We are all susceptible to this kind of thinking. We want to be liked. And when we are not liked we are either hurt or in some cases, angry. I want to be liked. And when I have to say things that I know are going to cost me in that arena, I get angry. We have to be more concerned with God’s mandate to us, with God’s opinion of us than we are of society’s opinion of us. I have to put to death my desire to be liked by others. When that desire is unrestrained, I become less useful to my brothers. My brothers need me to love the truth more than them. And I need my brothers to love the truth more than me. If that state of affairs obtains, then my brothers and I will only love one another more than we would have if we loved the truth less than we love each other. The only way to love your brother more is to love the truth more than you love your brothers. Any time you love your brothers more than you love the truth, then you are not loving your brothers as much as you could or as much as you should.
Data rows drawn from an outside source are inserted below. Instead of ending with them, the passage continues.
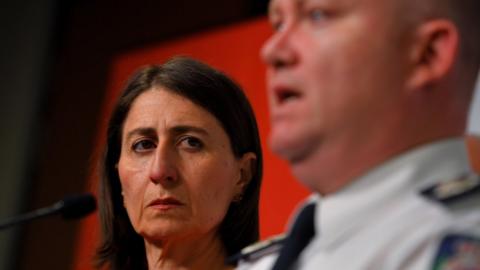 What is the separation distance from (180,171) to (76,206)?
18 cm

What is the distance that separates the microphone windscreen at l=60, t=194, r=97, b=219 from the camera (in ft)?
4.58

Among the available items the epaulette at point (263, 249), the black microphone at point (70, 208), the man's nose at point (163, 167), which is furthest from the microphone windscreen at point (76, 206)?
the epaulette at point (263, 249)

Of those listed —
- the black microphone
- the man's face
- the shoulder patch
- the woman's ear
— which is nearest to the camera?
the shoulder patch

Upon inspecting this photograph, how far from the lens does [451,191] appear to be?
32.1 inches

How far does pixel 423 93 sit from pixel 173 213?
602 mm

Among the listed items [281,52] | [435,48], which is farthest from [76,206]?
[435,48]

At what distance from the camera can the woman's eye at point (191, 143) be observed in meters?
1.43

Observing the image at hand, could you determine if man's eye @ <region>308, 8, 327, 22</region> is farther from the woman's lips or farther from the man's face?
the woman's lips

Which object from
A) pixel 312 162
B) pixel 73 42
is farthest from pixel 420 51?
pixel 73 42

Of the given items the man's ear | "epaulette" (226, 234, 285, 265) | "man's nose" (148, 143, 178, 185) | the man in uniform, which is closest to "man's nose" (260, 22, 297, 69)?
the man in uniform

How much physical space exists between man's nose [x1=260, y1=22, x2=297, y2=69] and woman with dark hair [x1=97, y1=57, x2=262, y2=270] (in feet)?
1.66

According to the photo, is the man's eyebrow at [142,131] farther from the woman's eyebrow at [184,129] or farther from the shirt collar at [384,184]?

It seems to me that modern evangelicals and the SBC, as well as some in the reformed community, have become or have been for some time, far too concerned with how society views them. American society has come to believe that Christianity is both intellectually and ethically untenable. Enlightenment philosophies have introduced entirely different criteria for what is intelligent belief and what is ethical behavior. Since these philosophies are antithetical to divine revelation from the start, it is not surprising that they affirm basic presuppositions that are hostile to and contradictory to Christian doctrine. Intellectually, it is simply backward thinking to affirm male headship in the home, at work, or in the church. Once you make such an affirmation, you are summarily dismissed as not credible. There are a number of basic Christian doctrines that fit this category. Miracles, or as add it seems, certain kinds of miracles are also believed to be intellectually untenable. The virgin birth is an example. Andy Stanley is on record as claiming that you do not have to believe in this miracle and many others in order to be a Christian. In other words, if it offends your intellect, you can reject it. God understands. This is true as well for views on relationships and especially divorce. The overwhelming majority of churches stopped excommunicating people for unbiblical divorce years and years ago. It simply isn’t taken seriously which means marriage isn’t taken seriously. This thinking contributed to the pagan notion that same-sex marriage makes sense.
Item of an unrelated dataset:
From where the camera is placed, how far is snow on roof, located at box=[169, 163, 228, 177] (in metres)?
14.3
So, when a preacher says abuse isn’t grounds for divorce between Christians, predictably, society finds such doctrine intellectually untenable and even unethical. You see, these women are not going to allow men like Russell Moore and the church at large to restrict abuse to physical abuse. The reason for that is that most women, the majority of women have never suffered physical abuse. I don’t say that to downplay the problem of abuse. It is a problem even if the numbers are low. That is not the subject of this post. Read me that way and you have misread me completely. Many women have suffered emotional and mental abuse, economic abuse, and a number of other abuses, so-called. Who gets to decide? The woman, who else? If it is true that physical abuse is grounds for divorce, then why not any other type of abuse? The door swings open wide now, doesn’t it. And why? Because the Bible swings it open wide? Nope! Leaders who are more concerned with the idea that society finds Christianity, and specifically, the SBC and evangelicalism both intellectually and ethically tenable. Only if that is true can we grow our numbers and grab the political capital we need to shape the culture. It is vital that Christian doctrine is held in high esteem by society.If we prove to be intellectually bankrupt or ethically repugnant, we have lost all hope that we can shape the path forward, or so the current leaders seem to think. They couldn’t be more wrong.

I will close with the following words from Paul: Be diligent to present yourself approved to God as a workman who does not need to be ashamed, accurately handling the word of truth.